It takes eight hardcoded vocabulary sets and their corresponding Basque translations or, when the translation was not available in the Basque plugin data, a semantically related alternative. The script outputs a `.csv` file with the following structure:
`INDEX  ITEM  SET ENGLISH SOURCE  PSEUDO`

The returned dataset has three possible pseudowords per item, meant to be manually selected post-generation to control for possible issues with the generated items.

Questions can be sent to nafal@utexas.edu.

## Loading packages


In [1]:
!pip install Wuggy



In [2]:
from wuggy import WuggyGenerator
from csv import DictWriter

## Loading reference vocabulary

Reference (English) items

In [3]:
ref_related_set1 = ["baboon", "badger", "otter", "porcupine", "raccoon", "weasel"]
ref_related_set2 = ["diaphragm", "intestine", "placenta", "rectum", "tympanum", "womb"]
ref_related_set3 = ["bluff", "estuary", "plateau", "ravine", "shoal", "strait"]
ref_related_set4 = ["azalea", "camellia", "camphor", "cedar", "magnolia", "willow"]
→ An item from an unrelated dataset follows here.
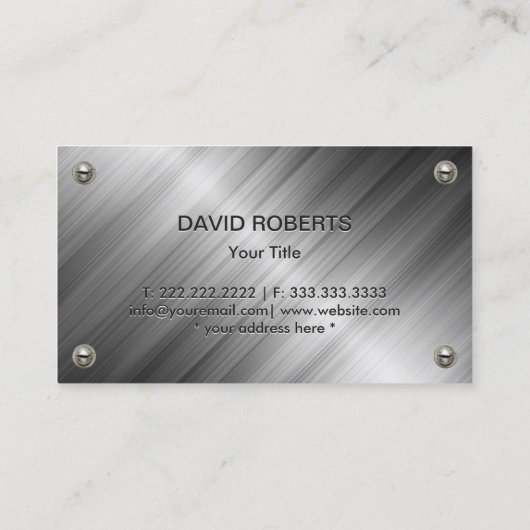 Monogram modern metaal bouwstaal visitekaartje (Achterkant)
ref_unrelated_set5 = ["alloy", "apparition", "kerosene", "kiln", "plumage", "rudder"]
ref_unrelated_set6 = ["cistern", "insurgent", "pall", "parable", "sardine", "venom"]
ref_unrelated_set7 = ["alcove", "pail", "pigment", "potassium", "relic", "toupee"]
ref_unrelated_set8 = ["berth", "fuselage", "ointment", "ore", "sentry", "tuberculosis"]
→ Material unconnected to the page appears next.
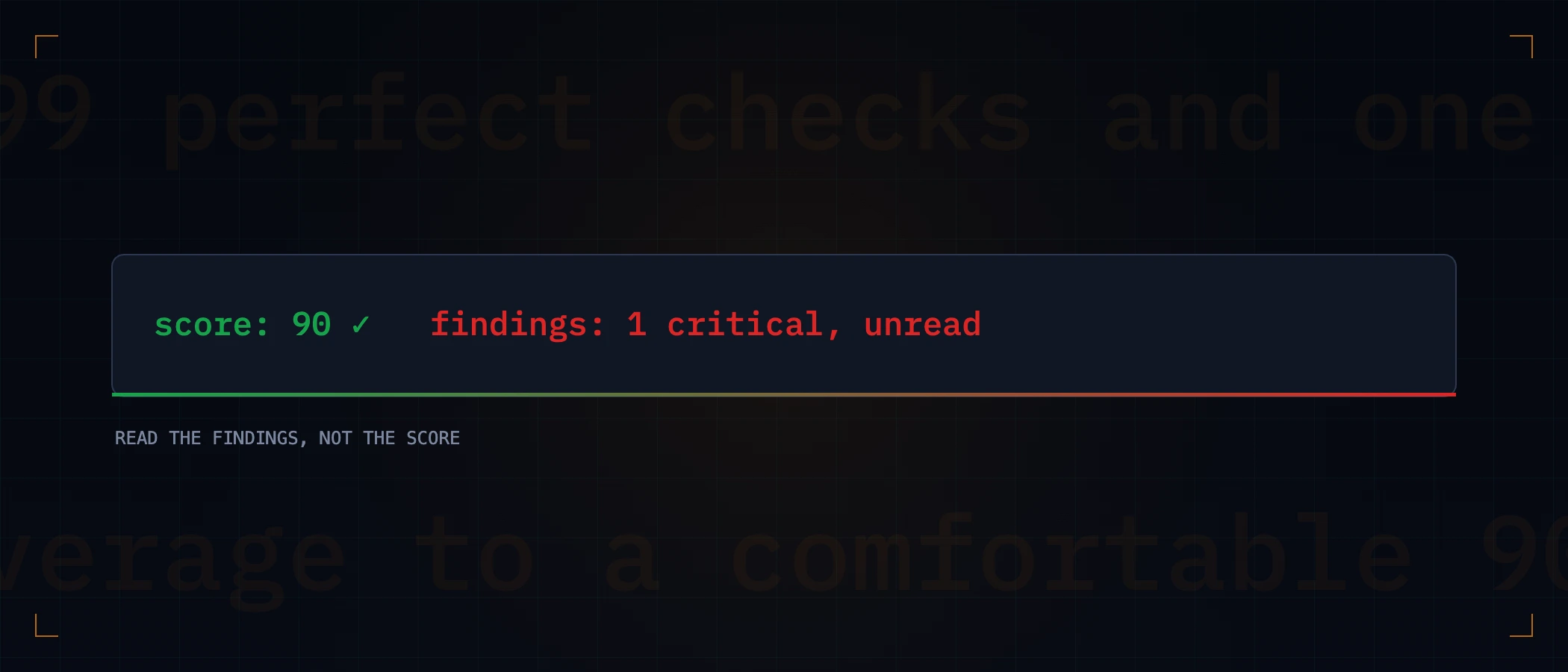 score: 90 with a tick, beside findings: 1 critical, unread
english_sets = [ref_related_set1, ref_related_set2, ref_related_set3, ref_related_set4,
                ref_unrelated_set5, ref_unrelated_set6, ref_unrelated_set7, ref_unrelated_set8]
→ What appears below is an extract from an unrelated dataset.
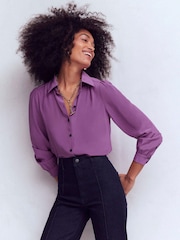 Boden Purple Sara Silk Shirt - Image 4 of 5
Source (real Basque words) items

In [4]:
source_related_set1 = ["tximino", "azkonar", "igaraba", "triku", "ugaztun", "erbinude"]
source_related_set2 = ["diafragma", "heste", "plazenta", "uzki", "tinpano", "umetoki"]
source_related_set3 = ["labar", "estuario", "ordoki", "sakan", "saldo", "itsasarte"]
source_related_set4 = ["arrosa", "infusio", "iraunkor", "zedro", "lore", "sahats"]



In [5]:
source_unrelated_set5 = ["aleazio", "agerpen", "erregai", "labe", "luma", "lema"]
source_unrelated_set6 = ["urtegi", "matxinatu", "oihal", "parabola", "sardina", "pozoi"]
source_unrelated_set7 = ["bazter", "ontzi", "pigmentu", "potasio", "erlikia", "ileorde"]
source_unrelated_set8 = ["ohatze", "hegazkin", "ukendu", "meatze", "zaintzaile", "tuberkuloso"]

In [6]:
source_sets = [source_related_set1, source_related_set2, source_related_set3, source_related_set4,
               source_unrelated_set5, source_unrelated_set6, source_unrelated_set7, source_unrelated_set8]

## Running Wuggy
### Loading algorithm

In [7]:
g = WuggyGenerator()

In [8]:
g.supported_official_language_plugin_names

['orthographic_basque',
 'orthographic_dutch',
 'orthographic_english',
 'orthographic_french',
 'orthographic_german',
 'orthographic_italian',
 'orthographic_polish',
 'orthographic_serbian_cyrillic',
 'orthographic_serbian_latin',
 'orthographic_spanish',
 'orthographic_vietnamese',
 'orthographic_estonian',
 'phonetic_english_celex',
 'phonetic_english_cmu',
 'phonetic_french',
 'phonetic_italian']

In [9]:
g.load('orthographic_basque')

### Data preparation

In [10]:
newData = []
set_names = [
    "related_set1", "related_set2", "related_set3", "related_set4",
    "unrelated_set5", "unrelated_set6", "unrelated_set7", "unrelated_set8"
]
counter = 1
idx_counter = 1
ncandidates = 3

In [11]:
with open('generatedPseudoWords.csv', 'w', newline="") as csvfile:
  fieldnames = ['INDEX', 'ITEM', 'SET', 'ENGLISH', 'SOURCE', 'PSEUDO']
  writer = DictWriter(csvfile, fieldnames)

  writer.writeheader()

### Generating pseudowords

In [12]:
for set_idx, (source_word_list, english_word_list, set_name) in enumerate(zip(source_sets, english_sets, set_names)):
    print(f"Processing Set: {set_name} (Index: {set_idx})")
    for word_idx, (source_word, english_word) in enumerate(zip(source_word_list, english_word_list)):
        print(f"  - Word Pair {word_idx+1}: Source='{source_word}', English='{english_word}'")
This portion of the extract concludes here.